Two weeks til a whole new me? (Or, please for-the-love-of-Pete-get-these-things-outta-my-body!)

i'm convinced my hair will look 'almost on purpose' by the time of my surgery.

I’m convinced my hair will look ‘almost on purpose’ by the time of my surgery.

It will have been exactly nine months and one day that I have been sporting these fancy-dancy (not-so-much) tissue expanders when they take them out of me and swap them out for something a little more … comfortable? Oh GOD please let them be more comfortable.

I haven’t talked much about the bumps that replaced what were my breasts. It is, (and I know I’m obviously out-there-and-public-and-open-and-in-your-face) a strange topic that I tend to only talk about face to face with people I know, and I usually talk about it with some humour. I knock the closest hard surface to me and assure the person to whom I’m speaking that the tissue expanders are basically ‘that hard’. I laugh and say I’m looking forward to NOT feeling obligated to apologize for my ‘bumps’ when I give someone a good long hug. I crack jokes about my ‘barbie boobs’ and refer to the ‘detailing’ that will take place after this next surgery. (But that’s a whole ‘nother blog, folks.)

Now, as I prepare to have these removed, I suppose, is as good a time as any to talk about them in some detail. Most people kind of slowly nod their heads and point vaguely at my chest area and say things like ‘so those…aren’t permanent?’ Or, ‘I don’t really understand the difference…’. If I’m generous enough to guide someone’s hand to the place where the port is under my arm and let them palpate that little disc, that experience invariably produces a ‘gasp!’ or ‘OH!’, at which point I laugh and acknowledge the Sci-Fi nature of my present body.
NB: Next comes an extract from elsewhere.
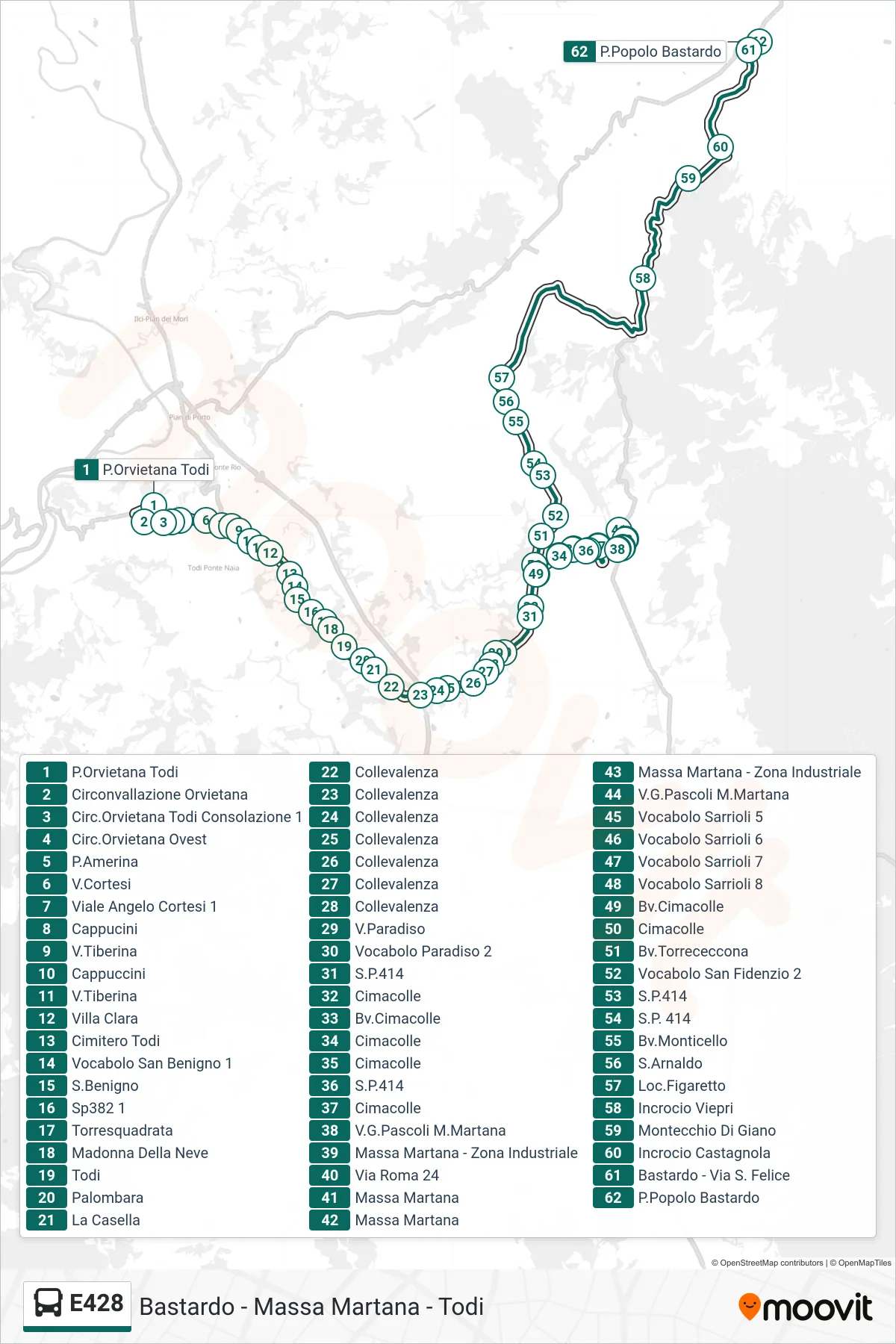 Linea E428  bus (P.Orvietana Todi‎→P.Popolo Bastardo) - Percorsi e fermate sulla mappa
For most people, tissue expanders are absolutely uncharted territory, as they were for me nine months ago.

When I arrived for my pre-surgery consult last April, I was presented with my options for reconstruction. I could do abdominal flap surgery, wherein they use your own tissue from your abdomen to build you new breasts, and in this surgery women basically lose a fairly significant amount of abdominal fat and get new, permanent breasts that are made out of their own flesh and require little or no further work. It’s a good option, if you have the abdominal fat to spare. Upon examination of me, my surgeon’s quick response was … ‘And implants it is!’ (If they could use the tissue from my thighs, I’d be set up for some permanent, all-me breasts, my friends, I assure you. Stomach, not so much).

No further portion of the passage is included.